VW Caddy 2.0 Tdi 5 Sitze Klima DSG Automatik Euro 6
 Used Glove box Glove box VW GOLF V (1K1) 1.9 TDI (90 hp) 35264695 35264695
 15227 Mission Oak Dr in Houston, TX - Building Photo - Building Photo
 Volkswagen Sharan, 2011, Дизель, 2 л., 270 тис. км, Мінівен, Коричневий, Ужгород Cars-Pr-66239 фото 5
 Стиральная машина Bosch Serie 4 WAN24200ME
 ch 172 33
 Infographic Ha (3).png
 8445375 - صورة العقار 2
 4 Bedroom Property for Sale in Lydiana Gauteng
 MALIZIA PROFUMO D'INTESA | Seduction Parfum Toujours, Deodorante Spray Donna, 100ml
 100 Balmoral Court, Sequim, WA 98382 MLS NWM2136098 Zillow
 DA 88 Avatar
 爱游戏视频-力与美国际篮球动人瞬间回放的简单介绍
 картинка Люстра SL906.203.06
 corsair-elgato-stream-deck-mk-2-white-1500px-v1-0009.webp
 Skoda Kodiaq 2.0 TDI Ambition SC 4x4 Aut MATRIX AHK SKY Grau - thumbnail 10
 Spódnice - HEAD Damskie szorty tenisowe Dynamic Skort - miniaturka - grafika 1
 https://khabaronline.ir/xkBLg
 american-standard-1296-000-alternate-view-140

================================

- _EXERCISE AIM_: Please transcribe the entire listing precisely.

- _SOLUTION TO THIS TASK_:
VW Caddy 2.0 Tdi 5 Sitze Klima DSG Automatik Euro 6
 Used Glove box Glove box VW GOLF V (1K1) 1.9 TDI (90 hp) 35264695 35264695
 15227 Mission Oak Dr in Houston, TX - Building Photo - Building Photo
 Volkswagen Sharan, 2011, Дизель, 2 л., 270 тис. км, Мінівен, Коричневий, Ужгород Cars-Pr-66239 фото 5
 Стиральная машина Bosch Serie 4 WAN24200ME
 ch 172 33
 Infographic Ha (3).png
 8445375 - صورة العقار 2
 4 Bedroom Property for Sale in Lydiana Gauteng
 MALIZIA PROFUMO D'INTESA | Seduction Parfum Toujours, Deodorante Spray Donna, 100ml
 100 Balmoral Court, Sequim, WA 98382 MLS NWM2136098 Zillow
 DA 88 Avatar
 爱游戏视频-力与美国际篮球动人瞬间回放的简单介绍
 картинка Люстра SL906.203.06
 corsair-elgato-stream-deck-mk-2-white-1500px-v1-0009.webp
 Skoda Kodiaq 2.0 TDI Ambition SC 4x4 Aut MATRIX AHK SKY Grau - thumbnail 10
 Spódnice - HEAD Damskie szorty tenisowe Dynamic Skort - miniaturka - grafika 1
 https://khabaronline.ir/xkBLg
 american-standard-1296-000-alternate-view-140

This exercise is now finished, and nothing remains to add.